Exercise instructions
Once the line with "Chic Black Halter" is found in the entries below, repeat it and each following line exactly, up to and including the line with "Toosci For Huawei". Add no other lines.

═════ Supplied records

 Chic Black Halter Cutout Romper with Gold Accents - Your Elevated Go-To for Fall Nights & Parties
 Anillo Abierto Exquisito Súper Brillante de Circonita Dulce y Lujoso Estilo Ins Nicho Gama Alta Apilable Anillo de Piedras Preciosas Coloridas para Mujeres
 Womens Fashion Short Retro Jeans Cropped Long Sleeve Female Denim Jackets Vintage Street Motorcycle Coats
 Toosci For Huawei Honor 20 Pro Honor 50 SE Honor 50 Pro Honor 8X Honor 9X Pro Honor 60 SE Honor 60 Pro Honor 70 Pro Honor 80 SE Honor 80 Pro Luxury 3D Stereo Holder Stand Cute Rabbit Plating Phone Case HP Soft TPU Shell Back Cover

══════════
═════ Supplied records

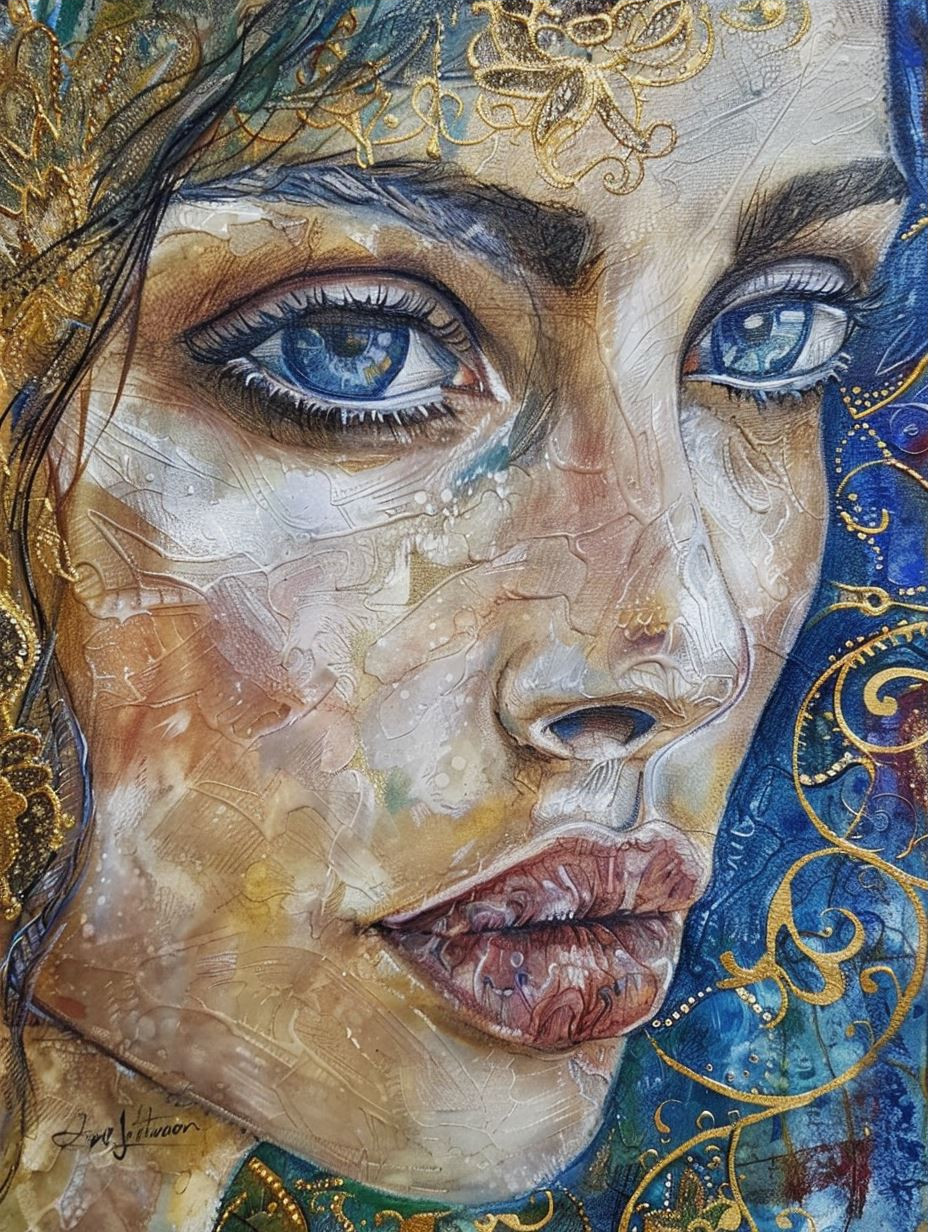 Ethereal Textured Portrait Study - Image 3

══════════

Written response
 Chic Black Halter Cutout Romper with Gold Accents - Your Elevated Go-To for Fall Nights & Parties
 Anillo Abierto Exquisito Súper Brillante de Circonita Dulce y Lujoso Estilo Ins Nicho Gama Alta Apilable Anillo de Piedras Preciosas Coloridas para Mujeres
 Womens Fashion Short Retro Jeans Cropped Long Sleeve Female Denim Jackets Vintage Street Motorcycle Coats
 Toosci For Huawei Honor 20 Pro Honor 50 SE Honor 50 Pro Honor 8X Honor 9X Pro Honor 60 SE Honor 60 Pro Honor 70 Pro Honor 80 SE Honor 80 Pro Luxury 3D Stereo Holder Stand Cute Rabbit Plating Phone Case HP Soft TPU Shell Back Cover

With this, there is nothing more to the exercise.